--- EXERCISE INPUT Enclosed Below ---

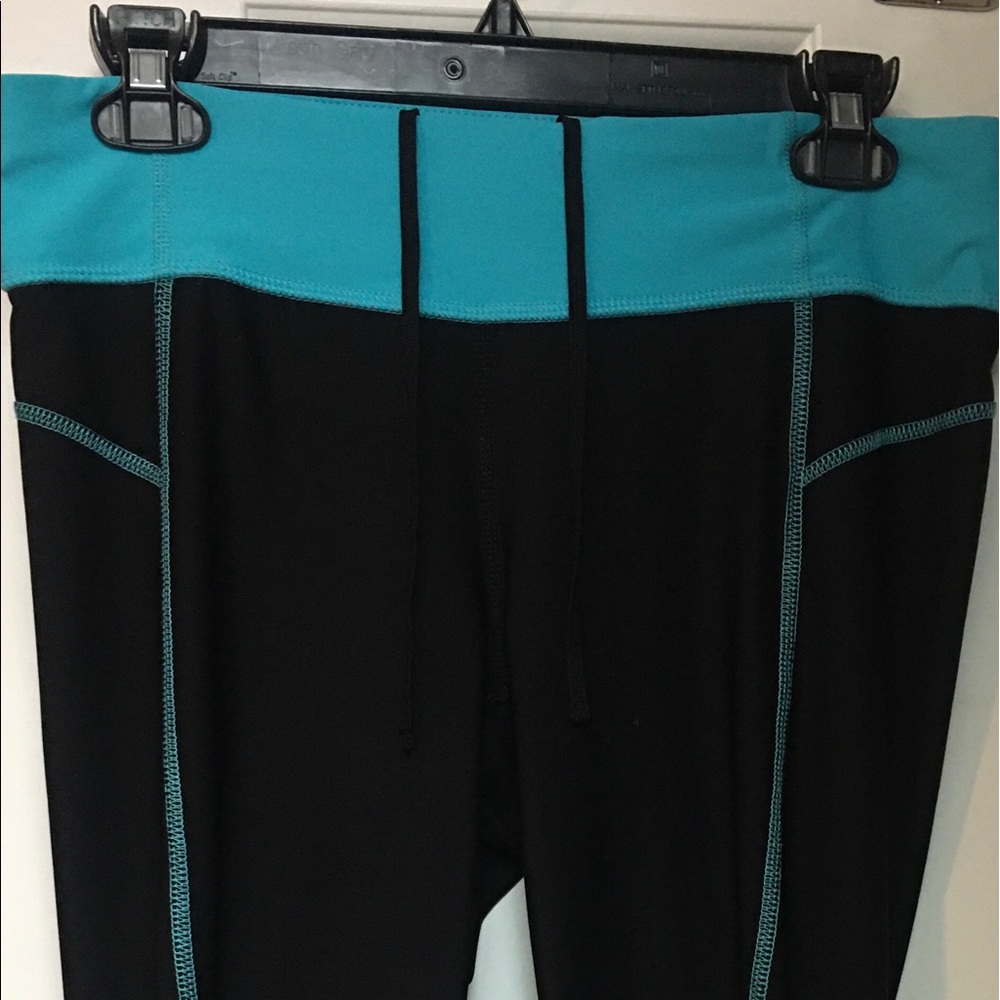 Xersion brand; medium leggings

--- End of Enclosed EXERCISE INPUT ---
--- EXERCISE INPUT Enclosed Below ---

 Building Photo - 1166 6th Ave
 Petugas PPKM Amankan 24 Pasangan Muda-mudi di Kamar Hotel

--- End of Enclosed EXERCISE INPUT ---
--- EXERCISE INPUT Enclosed Below ---

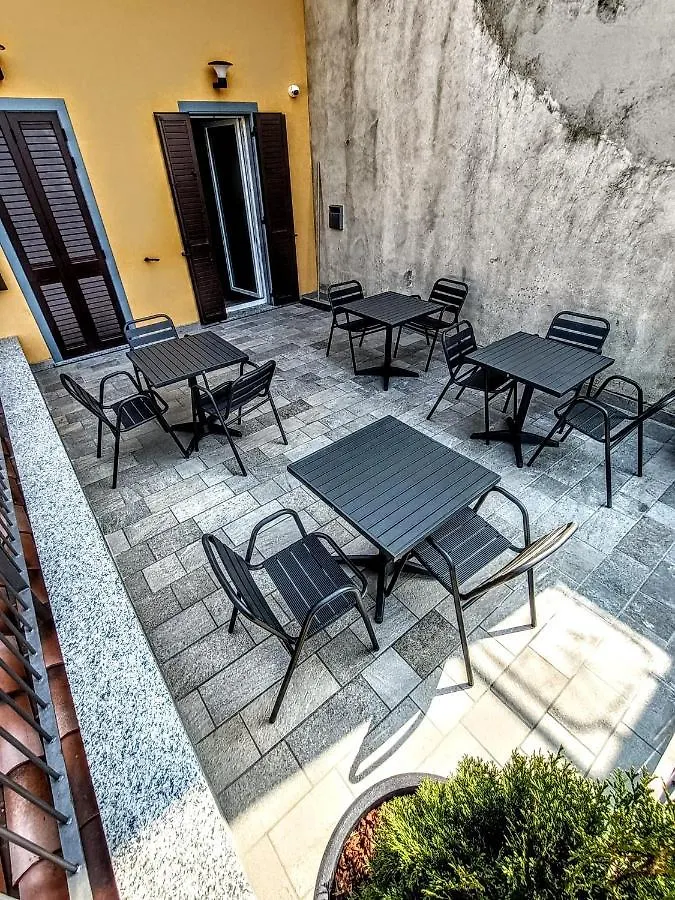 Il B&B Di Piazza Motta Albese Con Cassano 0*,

--- End of Enclosed EXERCISE INPUT ---

_AIM OF THE EXERCISE_. Of the lines above, output exactly those from the line bearing "Building Photo - 1166 6th Ave" through the line bearing "Petugas PPKM Amankan", inclusive.

_ANSWER TO THIS TASK_.
 Building Photo - 1166 6th Ave
 Petugas PPKM Amankan 24 Pasangan Muda-mudi di Kamar Hotel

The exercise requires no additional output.